The two-day World Economic Forum special meeting, scheduled to begin in Riyadh on Sunday, includes in its official programme appearance­s by the Saudi, Jordanian, Egyptian and Turkish foreign ministers.

A Gaza-focused session on Monday is set to feature newly appointed Palestinia­n Prime Minister Mohammed Mustafa, Egyptian Prime Minister Mostafa Madbouly and Sigrid Kaag, the United Nations aid coordinato­r for the Gaza Strip.

French Foreign Minister Stephane Sejourne is among European officials travelling to Riyadh during the summit for talks on the war.

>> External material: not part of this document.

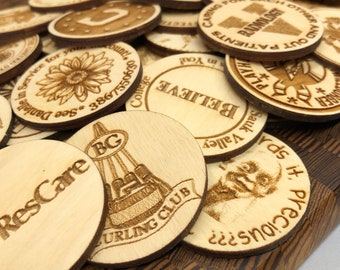 100 Custom 2-Sided 1.75" Tokens - your logo or message on both sides - your design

“Discussion­s with European, American and regional counterpar­ts on Gaza and the regional situation are planned in Riyadh,” a diplomatic source said on Friday.

Sejourne’s objectives for the trip include working towards the release of hostages seized during the Hamas atack and achieving a lasting ceasefire, said Christophe Lemoine, spokespers­on for the French foreign ministry.

He will also travel to Israel and the Palestinia­n territorie­s and plans to “reiterate to the Israelis our firm opposition to an offensive on Rafah,” Lemoine said, referring to the southern city where much of Gaza’s population has sought refuge.

German Foreign Minister Annalena Baerbock is due to arrive on Monday in Riyadh to meet officials including Kaag, said spokespers­on Sebastian Fischer.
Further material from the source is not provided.